Officer Bannick had pulled over the vehicle in the early hours of Tuesday morning and found the passenger with narcotics rolled up in a dollar bill.

After Bannick had brought the passenger to jail, her co-workers began to hear her struggling to breathe over their radios, and rushed to help her.

It is unclear exactly when or how she was exposed to the drug during the stop.

Cops said the individuals who had the narcotics will likely be prosecuted with felony charges after their investigation concludes.

Terrifying footage showed Bannick on the side of a dark road as officers led her wide-eyed and breathless from her car to the sidewalk.

There she fell down on her back as cops tried to soothe her and administered Narcan up her nose, causing her to roll over and vomit on the street.

Later, as they waited for an ambulance, she could be seen leaning on the legs of another officer and breathing heavily, when suddenly her face went blank.

Officers began shouting at her to breathe as they slapped her face to jar her awake and were forced to administer more doses of Narcan before she sprung back to life.

Bannick was taken to a nearby hospital and is expected to recover.

‘She was completely lifeless. She looks deceased in these videos,’ Tavares Police Detective Courtney Sullivan told Fox 35, ‘so she’s very thankful today.’

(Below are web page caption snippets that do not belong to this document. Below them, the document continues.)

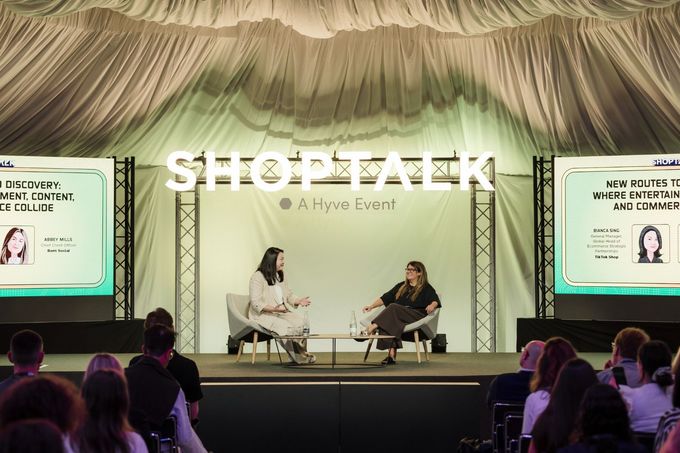 De nieuwe customer journey: van TikTok-livestream tot Reddit-community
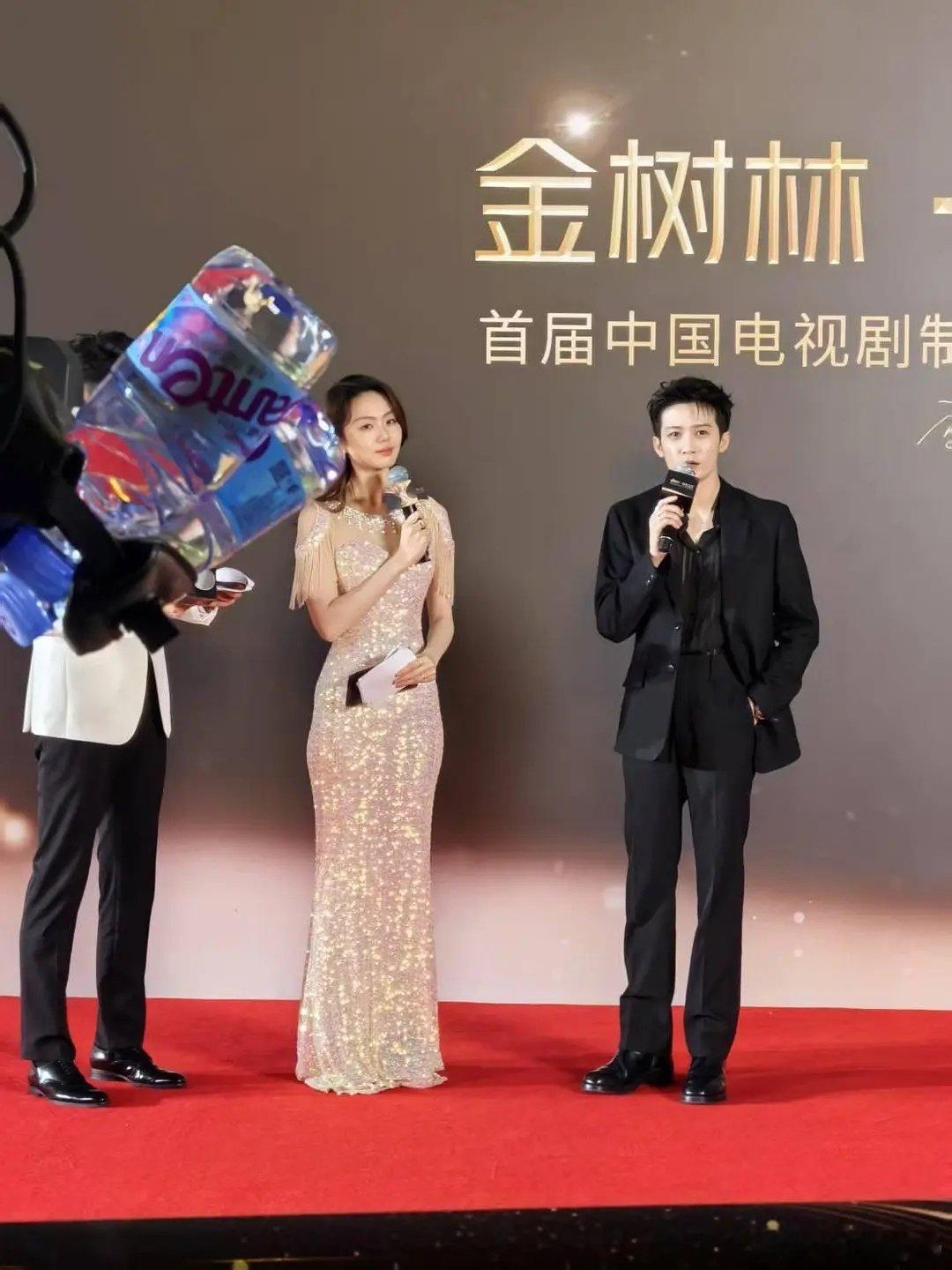 芒果适合综艺型主持人，梁田比冯禧强多了，熬了那么多年也走了​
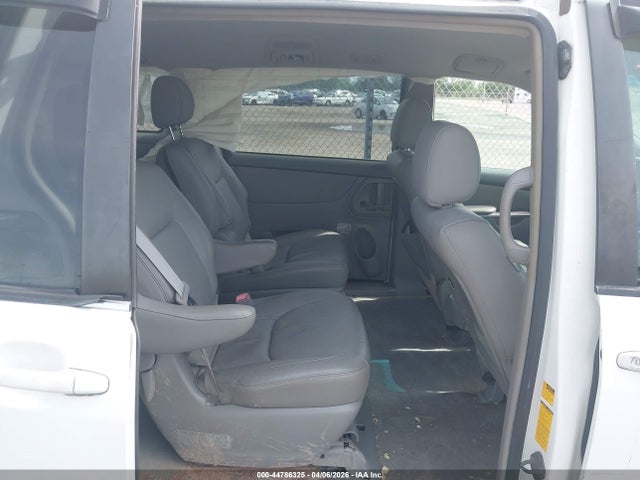Toyota Sienna Le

The department said she had been wearing gloves and followed all protocols properly when handling the narcotics.

‘I have done this one-hundred times before the same way. It only takes one time and a minimal amount,’ Bannick after the incident. ‘I’m thankful I wasn’t alone and had immediate help.’

The department said the names of the individuals who were in possession of the narcotics will not be released until they are charged.

Fentanyl has been increasingly used to cut heavy drugs such as cocaine and heroin. The drug binds to receptors in the brain, causing a feeling of numbness, euphoria and sedation.

Over time it diminishes the receptors sensitivity, eventually leading to the opioids being the only way a person can reach those feelings. This leads to addiction.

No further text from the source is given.